If you're making a monte-carlo simulation? Then you're probably okay. You might have to deal with artifacts due to the 'P' in PRNG, but you're probably not going to run into problems simply due to a low seed space (again, you're looking at quintillions of unique possibilities.) On the flip side, if you're working with large iteration count, then, yeah, your low seed space might be a deal-breaker.

If you're making a multiplayer card game, particularly if there's money on the line? Then you're going to need to do some googling on how the online poker sites handled the same problem you're asking about.

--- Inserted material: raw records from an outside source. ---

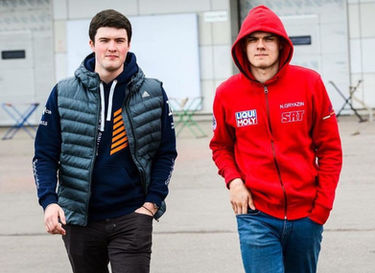 NIKOLAY GRYAZIN JOINS BROTHER VASILIY IN REINFORCED SRT LINE-UP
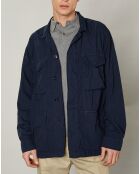 Veste Jamwood bleue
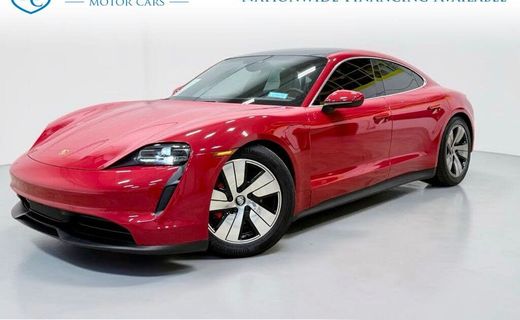 2022 Porsche Taycan 4S
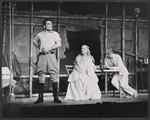 Johnny Haymer, Jane Connell and Bill McCutcheon in the stage production New Faces of 1956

Because while the low seed space issue isn't noticeable to the average player, it is exploitable if it's worth the time investment. (The poker sites all went through a phase where their PRNGs were 'hacked', letting someone see the hole cards of all the other players, simply by deducing the seed from exposed cards.) If this is the situation you're in, don't simply find a better PRNG - you'll need to treat it as seriously as a Crypto problem.

Short solution which is essentially the same of dasblinkenlight:

// Java 7
SecureRandom random = new SecureRandom();
// Java 8
SecureRandom random = SecureRandom.getInstanceStrong();

Collections.shuffle(deck, random);

You don't need to worry about the internal state. Long explanation why:

When you create a SecureRandom instance this way, it accesses an OS specific true random number generator. This is either an entropy pool where values are accessed which contain random bits (e.g. for a nanosecond timer the nanosecond precision is essentially random) or an internal hardware number generator.

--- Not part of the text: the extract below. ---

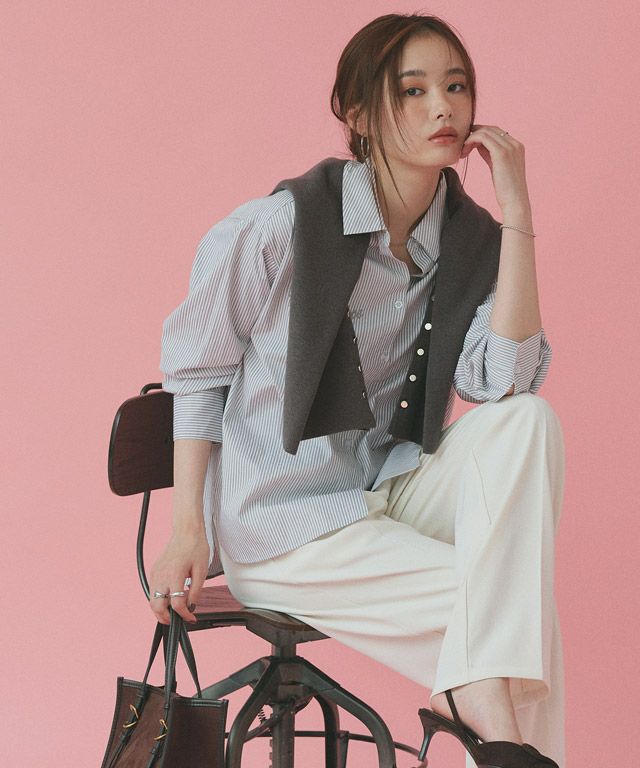 167cm / チャコール / M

This input (!) which may still contain spurious traces are fed into a cryptographically strong hash which removes those traces. That is the reason those CSPRNGs are used, not for creating those numbers themselves! The SecureRandom has a counter which traces how many bits were used (getBytes(), getLong() etc.) and refills the SecureRandom with entropy bits when necessary.

In short: Simply forget objections and use SecureRandom as true random number generator.

If you consider the number as just an array of bits (or bytes) then maybe you could use the (Secure)Random.nextBytes solutions suggested in this Stack Overflow question, and then map the array into a new BigInteger(byte[]).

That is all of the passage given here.